Reproduce the records below exactly; no pictures.

:: INPUT MATERIAL

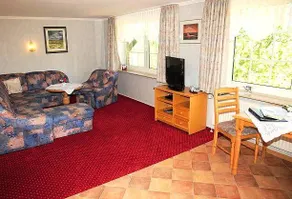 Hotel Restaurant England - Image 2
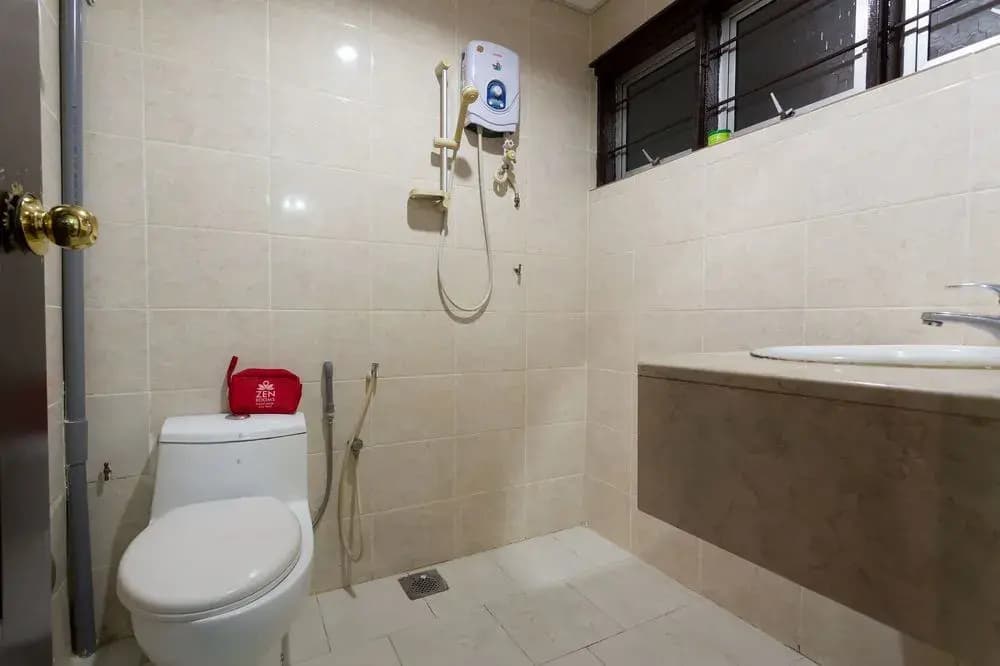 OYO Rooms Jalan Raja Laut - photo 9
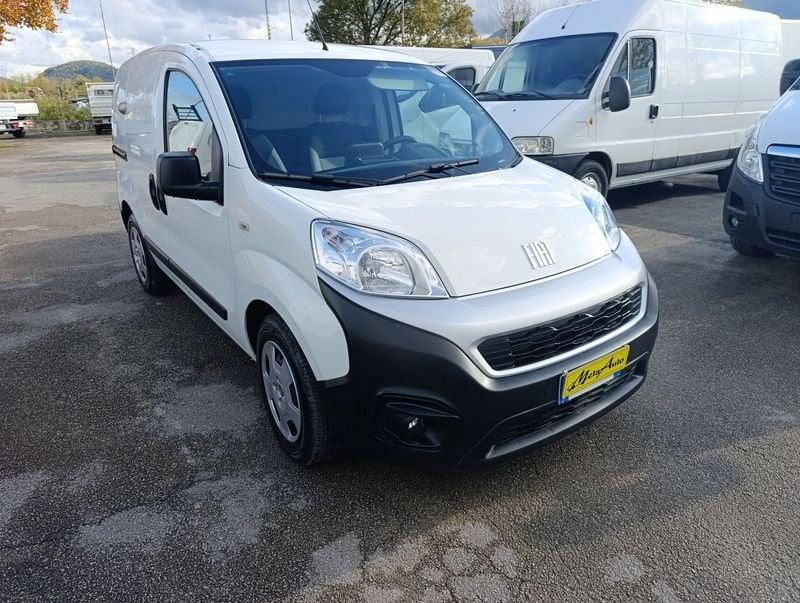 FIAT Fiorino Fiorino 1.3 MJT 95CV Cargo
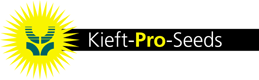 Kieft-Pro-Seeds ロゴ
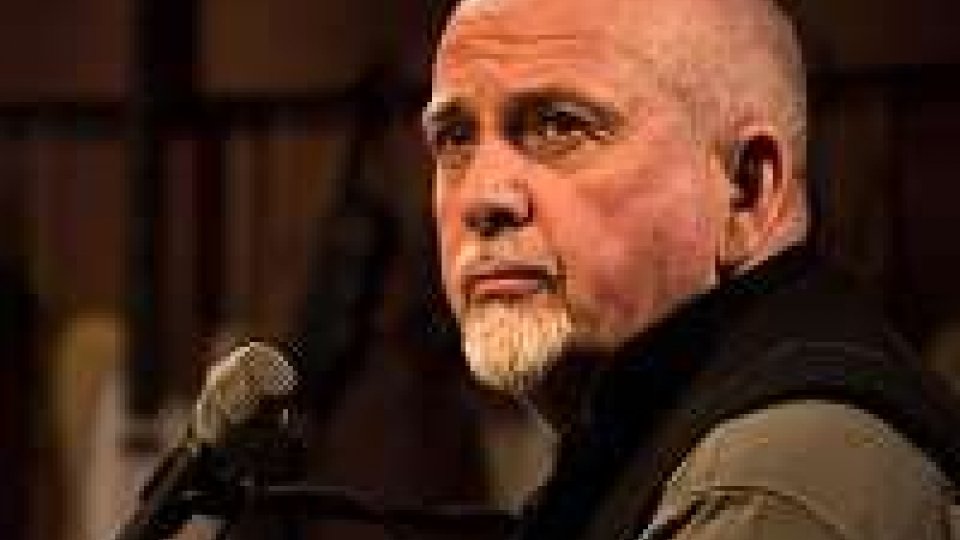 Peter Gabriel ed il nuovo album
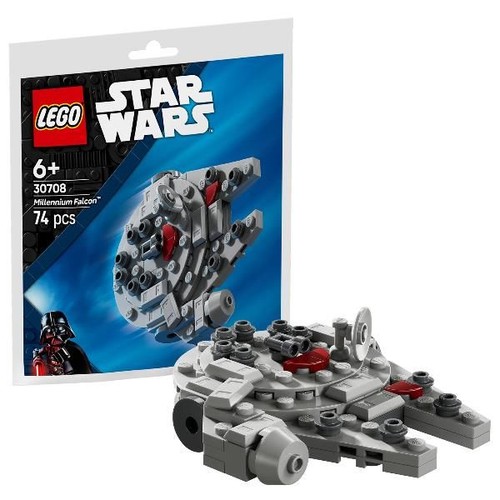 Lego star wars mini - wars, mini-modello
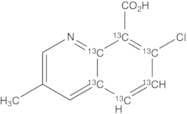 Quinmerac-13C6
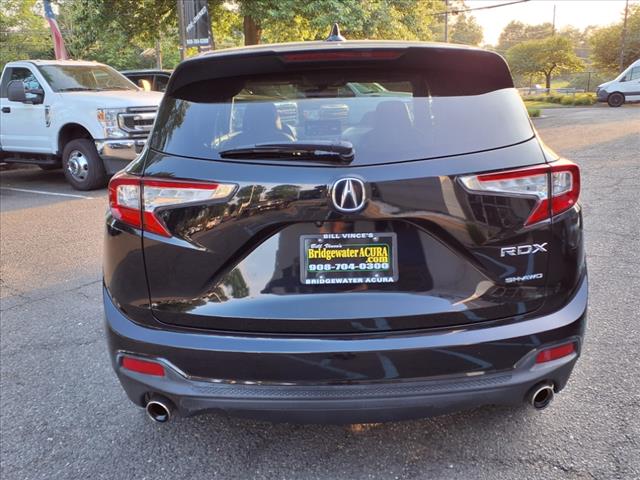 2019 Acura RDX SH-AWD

::::

TASK RESULT ->
 Hotel Restaurant England - Image 2
 OYO Rooms Jalan Raja Laut - photo 9
 FIAT Fiorino Fiorino 1.3 MJT 95CV Cargo
 Kieft-Pro-Seeds ロゴ
 Peter Gabriel ed il nuovo album
 Lego star wars mini - wars, mini-modello
 Quinmerac-13C6
 2019 Acura RDX SH-AWD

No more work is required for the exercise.